Petits prophètes : Sophonie
Sophonie, nom courant dans l’A.T. (hébreu Tsephan-Yah) signifiant L’Eternel a protégé. Le prophète exerce son ministère sous le règne de Josias (640-609). La longueur inhabituelle de la généalogie jusqu’à Ezéchias, sa connaissance des agissements à la cour (1.8,9) et ce qu’en dit la tradition rabbinique, plaident pour son ascendance royale. Vu les reproches du prophète envers Juda, la réforme entreprise vers 625 par Josias (2 Ch 34) n’a pas encore eu lieu et il est probable que Sophonie ait positivement influencé ce jeune roi. Beaucoup s’accordent pour situer sa prophétie entre 630 et 625.
Le jugement divin : de Jérusalem à la terre entière (1. 1 à 3. 8)
L’entrée en matière est abrupte, les termes rappellent la décision divine d’envoyer le Déluge (Gn 6.7) : Dieu annonce qu’il va supprimer toute vie sur la terre entière. Puis il s’en prend à Juda et Jérusalem, pourtant aimés de lui. Pourquoi ? Parce qu’ils pratiquent une religion syncrétiste et universaliste qui joint 4 formes du divin : 1° Le culte des forces de la vie et de la fécondité, au travers de Baal, 2° Le culte de l’ordre universel assuré et représenté par les astres, qui se pratique sur les toits des maisons (Jr 19.13), 3° Le culte de Yahvé, qui a donné la victoire à son peuple lors de l’Exode, 4° Le culte du dieu garant de la vie politique, au travers de Milkom, divinité ammonite (1 R 11.5). Ces 4 aspects du divin proviennent d’horizons divers (Canaan, Mésopotamie, Israël, Ammon) et traduisent l’universalisme religieux des habitants de Jérusalem. Or Yahvé englobe à lui seul tous les domaines du divin. Rendre un culte séparément aux divers aspects du divin, c’est déserter Yahvé (v.6).
Le prophète réclame pour l’Eternel le silence empreint de crainte que l’on marque devant un souverain qui va faire connaître sa décision (Za 2.17). Dieu va abattre et préparer des victimes en vue d’un festin sacrificiel et consacrer ses invités à ce festin (1.7).

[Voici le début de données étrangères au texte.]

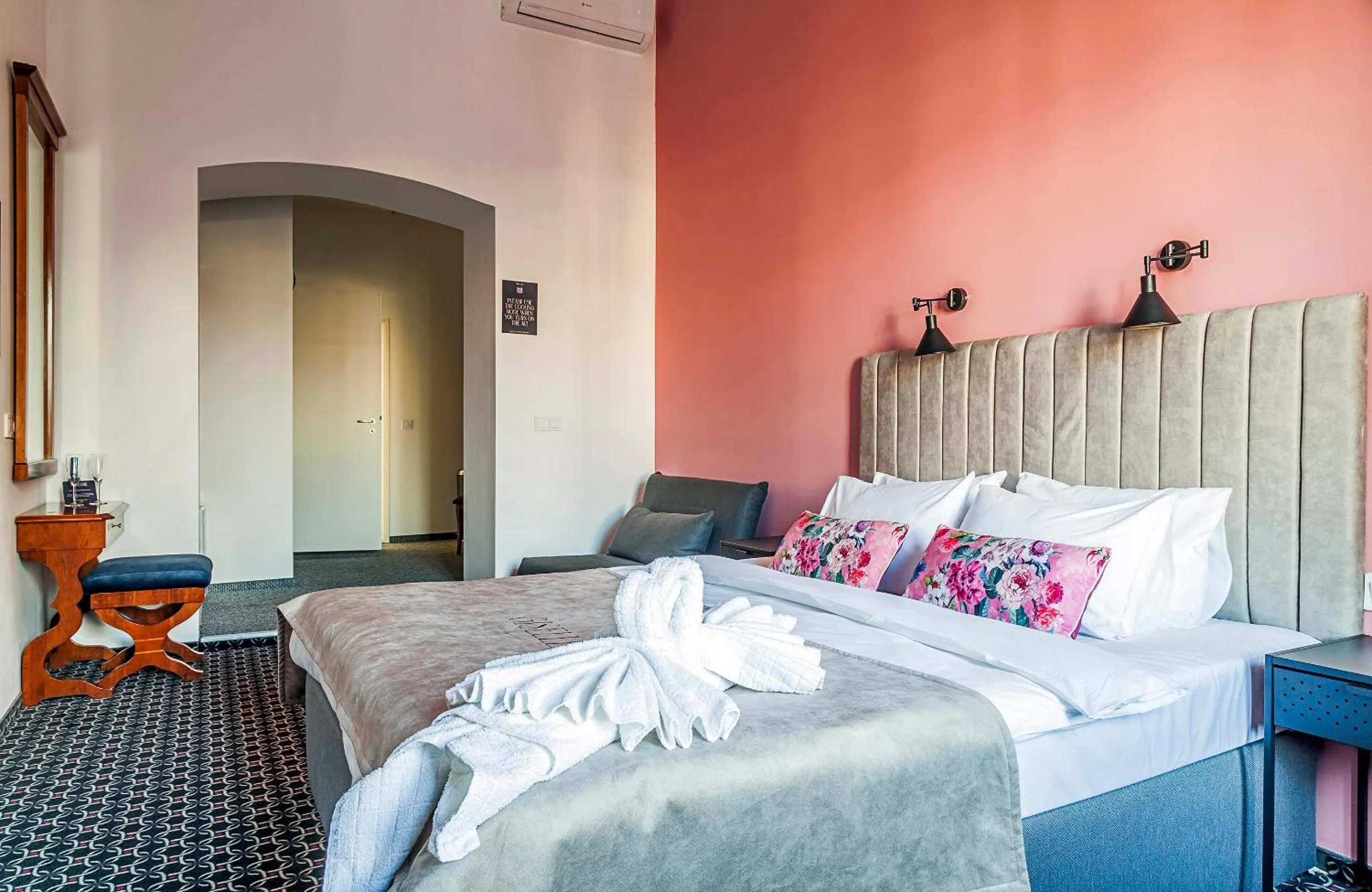 Bedroom, Bed in Giselle Vintage Doubles - Adults Only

Mais où sont les animaux qu’il prépare et qui sont les invités ? Les victimes seront… les ministres et les princes dont les vêtements trahissent les pratiques païennes ; les personnalités qui se plient aux coutumes idolâtres ; les magistrats qui remplissent le palais royal de violence et de fraude ; les commerçants de la ville neuve qui crieront, mais non pour vendre (1.10, 11) ; et les habitants de la vieille ville que Dieu dénichera avec des lampes et qu’il surprendra dans leurs doutes métaphysiques et leur autosuffisance matérielle.

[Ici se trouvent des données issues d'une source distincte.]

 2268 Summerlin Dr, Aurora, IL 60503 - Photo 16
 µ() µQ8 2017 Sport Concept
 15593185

Le Jour de l’Eternel, jour de l’intervention divine annoncée, est ensuite personnifié (1.14-18), prenant les traits du Divin Guerrier : il s’approche, se hâte, fait entendre ses cris, attaque les tours fortes, enserre tous les hommes et fait table rase de la terre entière avec tous ses habitants. En frappant Jérusalem, au syncrétisme religieux universaliste, l’Eternel frappera la terre entière. Cependant, dans sa compassion, un appel retentit à l’adresse du petit peuple : recherchez Yahvé et sa volonté et vous serez épargnés ! (2.1-3).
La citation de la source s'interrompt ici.